7. Il ne ressort pas des pièces du dossier que des modifications susceptibles de faire l'objet de prescriptions auraient permis d'assurer la conformité du projet aux dispositions législatives et réglementaires en vigueur. En outre, Mme C... ne conteste pas utilement les affirmations de la commune selon lesquelles l'aménagement d'une partie plane côté route départementale pour éviter un risque pour les usagers de la voie publique ne serait pas réalisable à défaut de la maîtrise foncière par la requérante de cette plate-forme.
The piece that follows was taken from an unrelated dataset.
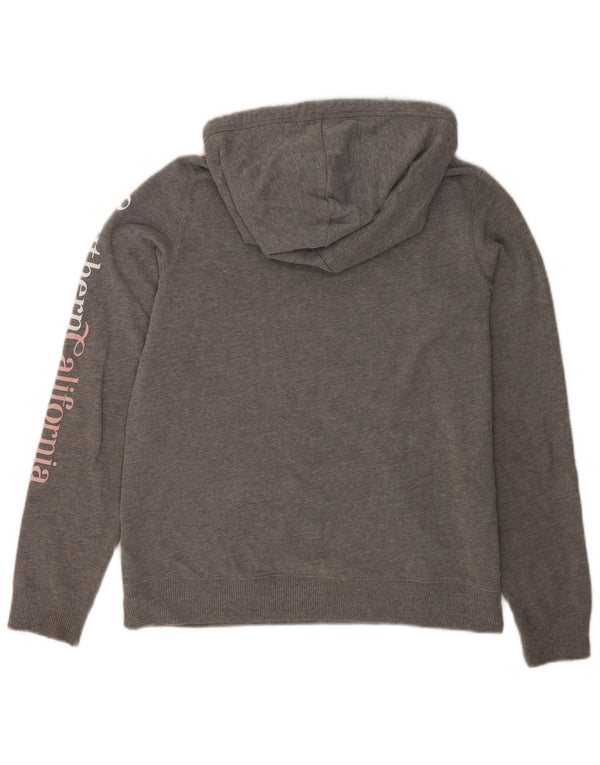 Hollister Womens Graphic Relaxed Fit Hoodie Jumper UK 10 Small Grey Cotton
Par suite, contrairement à ce que soutient la requérante, le maire n'a pas méconnu l'article R. 111-2 du code de l'urbanisme en refusant le permis de construire litigieux sans l'assortir de prescriptions spéciales.
8. Il résulte de l'instruction que le maire aurait pris la même décision s'il ne s'était fondé que sur le seul motif tiré de la méconnaissance par le projet de l'article R. 111-2 du code de l'urbanisme. Par suite, il n'y a pas lieu pour la Cour de se prononcer sur les trois autres motifs de la décision en litige mentionnés au point 4 du présent arrêt.
9. En second lieu, dès lors que le refus de permis de construire en litige est fondé légalement sur le risque d'atteinte à la sécurité publique ainsi qu'il a été dit au point 7 du présent arrêt, le moyen recevable tiré d'un détournement de pouvoir allégué par Mme C... doit être écarté.
10. Il résulte de tout ce qui précède et sans qu'il soit besoin de statuer sur la demande de substitution de motif de la commune, que Mme C... n'est pas fondée à soutenir que c'est à tort que, par le jugement attaqué, le tribunal administratif de Nîmes a rejeté sa demande. Par voie de conséquence, les conclusions aux fins d'enjoindre à la commune à titre principal de lui délivrer le permis de construire sollicité, à titre subsidiaire, de réinstruire sa demande de permis de construire sous condition de délai et d'astreinte doivent être rejetées.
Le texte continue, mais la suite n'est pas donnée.